Maybe that's what he should be doing, insteada fucking pouting.

Elsewhere on the Widowmaker, high-heeled boots were clacking on the grated floor of the CIC. Miranda had just exited the elevator and turned towards the armoury. She ignored Yeoman Chambers, too, as at this point she'd no time for any of the minor things this Kelly was responsible for. Yes, she'd far bigger things on her mind at this juncture—like what allies she might still have.

Miranda entered the armoury at the same time Jacob was trying to exit it.

"Jacob I—"

"Shit, Miranda—my bad I—"

They paused.

"Sorry, you were saying—"

"—on me, I wasn't watching where—"

"Oh, sorry."

"Sorry, I'm…"

They paused again.

"Okay, who's going first?" Jacob said.

"You start—I'm in your office, for lack of a better term."

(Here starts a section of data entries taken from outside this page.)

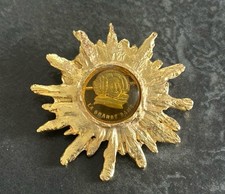 Superbe broche soleil d'occasion Superbe broche soleil d'occasion  France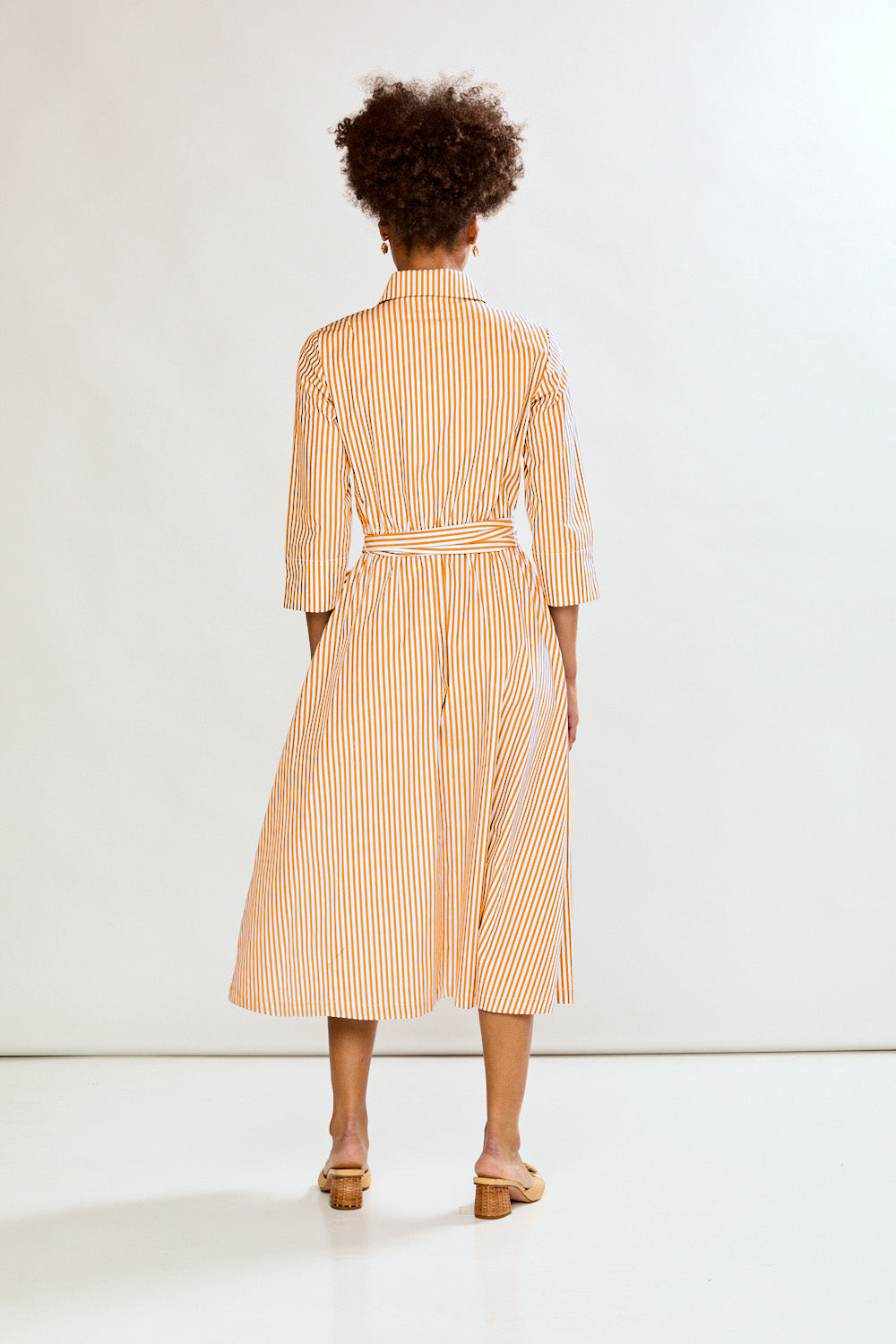 Woman in orange stripe dress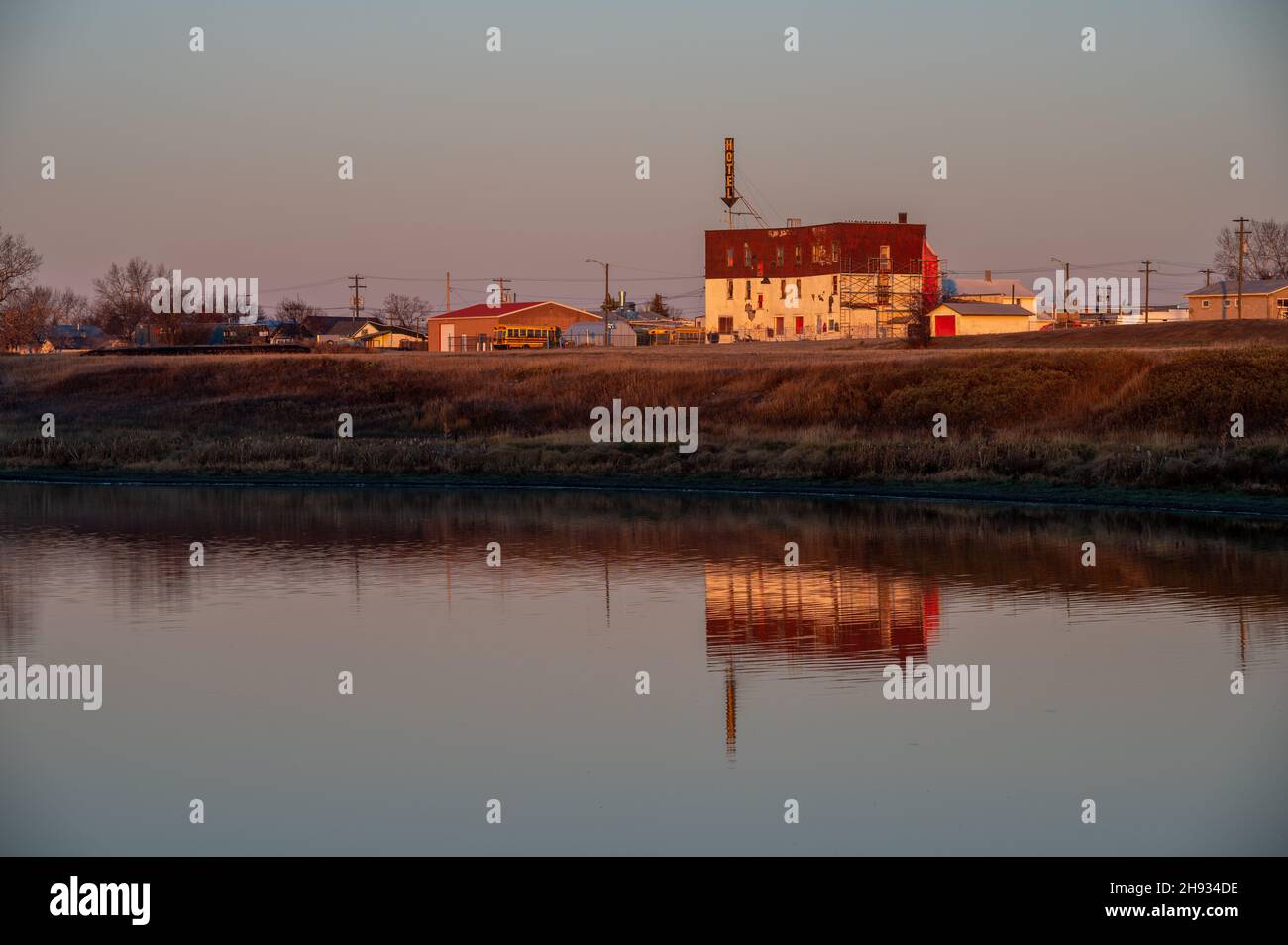 Hanna, Alberta - 23 ottobre 2021: Vecchio hotel abbandonato riflesso in un lago nella città di Hanna. Foto Stock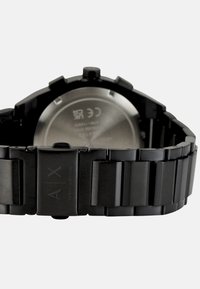 Reloj de pulsera negro de acero inoxidable con una correa de eslabones, que presenta un logo grabado y una tapa trasera plateada con un diseño minimalista.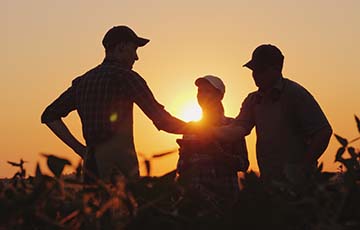 Three people in a field of crops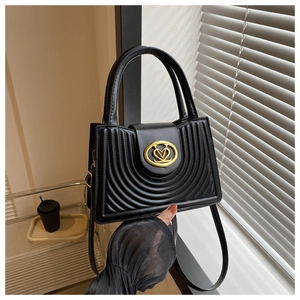 Detail van zwarte leren tas met concentrische stiksels en gouden hartvormige gespsluiting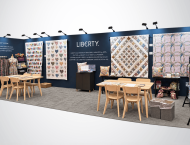 Liberty exhibit booth design with quilt displays and wooden tables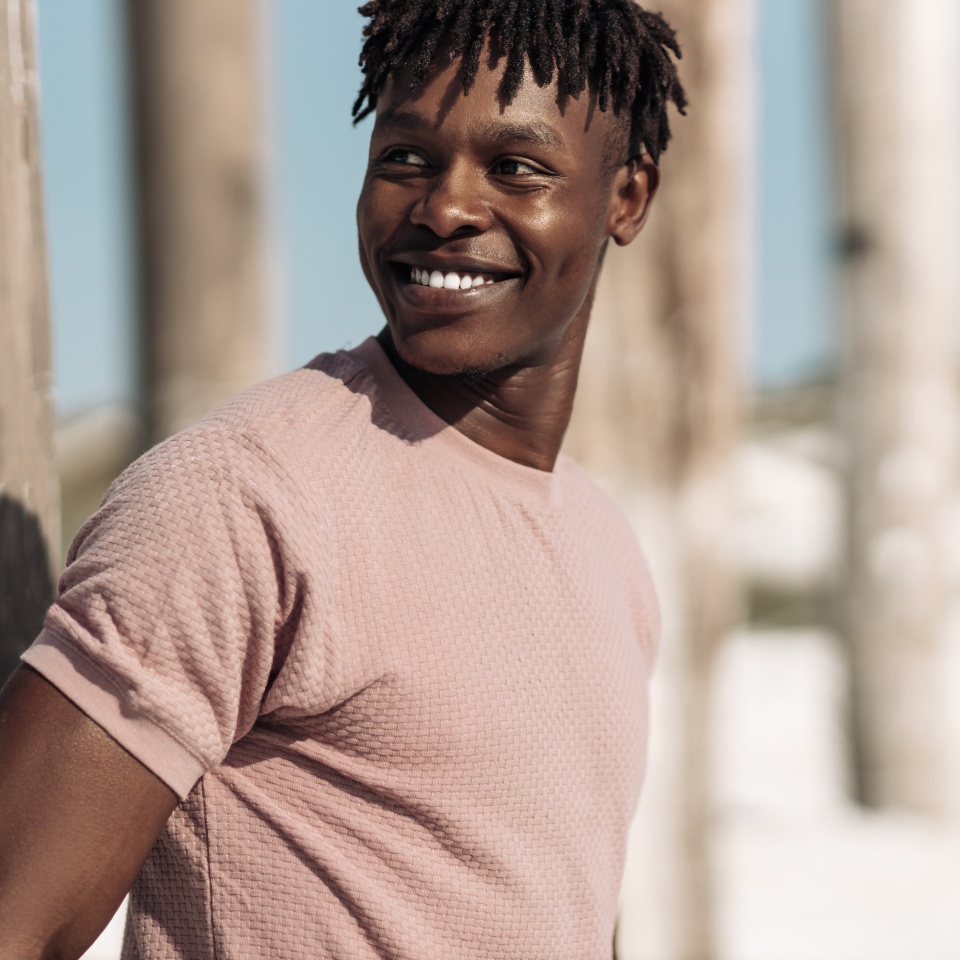 Close up portrait of handsome contented african man, with afro hair, smiling broadly, laughing outdoors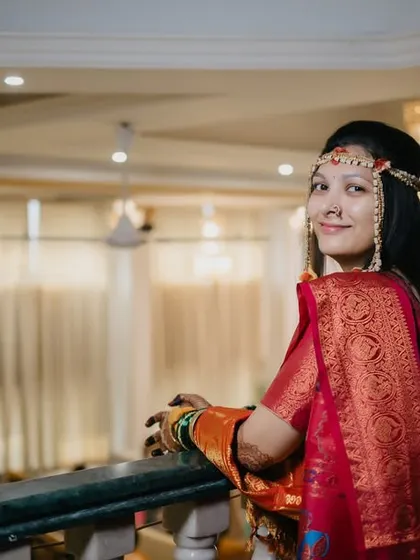 The bride looks back over her shoulder with a sweet smile, a classic and elegant bridal pose.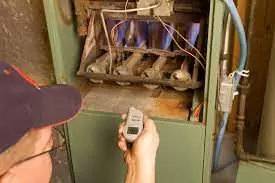 checking pilot light of furnace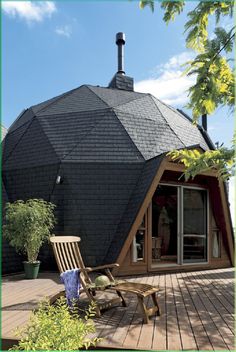 a wooden deck with a chair on it and a large black building in the background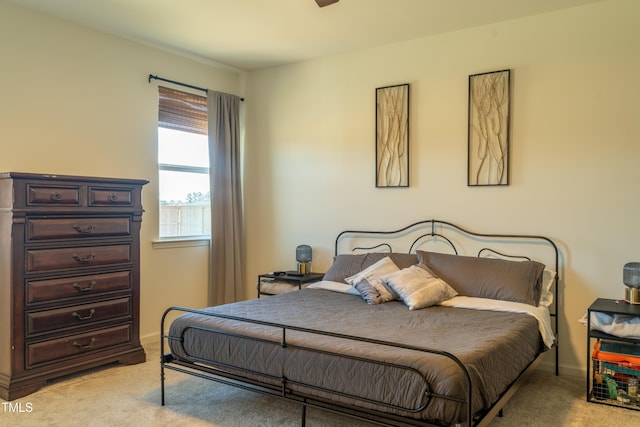 bedroom featuring light carpet and baseboards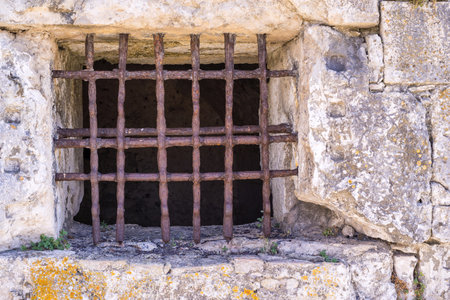 window lattice from old rusty iron on a stone wall of ancient dungeon or a prison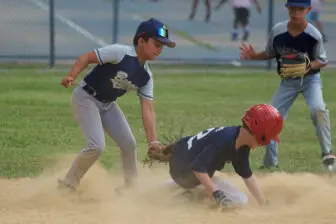 Shortstop Gavin Justice tags a runner out at second on Wednesday; the 11U team earned its first win of the summer.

"Yeah uh…sure." Jacob scratched at his chin. "Uh, actually, I was about to hunt you down. For uh, for lack of a better term, I guess."

"Oh." Miranda looked into the armoury, saw nobody (not even EDI, thank god), and then looked behind her at all the ears and eyes and lips that were supposed to be following her, but likely only did so because someone else ordered them to.

Miranda pointed into the armoury.

"Why don't we move in, then? We can talk in here."

Jacob shrugged. "Fine by me. Least we've got chairs."

Miranda went for a chair; Jacob leaned against a wall. Outside the viewing port window—one way glass, luckily—dust and wind and orange from Tuchanka's sun poured over everything. Miranda instinctively swept some non-existent dust from the table next to her chair; really, it wasn't too far fetched that dust had somehow made its way past all the seals and barriers in the ship.

Jacob cleared his throat.

"So, all right…what'd you wanna talk to me about?"

"Mmm." Miranda leaned back in her chair, adjusted her back just to move a bit, give her subconscious something to focus on while she clarified her thoughts. It was…easier said than done, evidently.

"We talked about pit-stops, earlier. Before we came here."

"Right, pit-stops." Jacob switched shoulders, looked out the window briefly, then turned his eyes back to Miranda. "We talked about me being in the loop, too. Appreciate you coming to talk to me again."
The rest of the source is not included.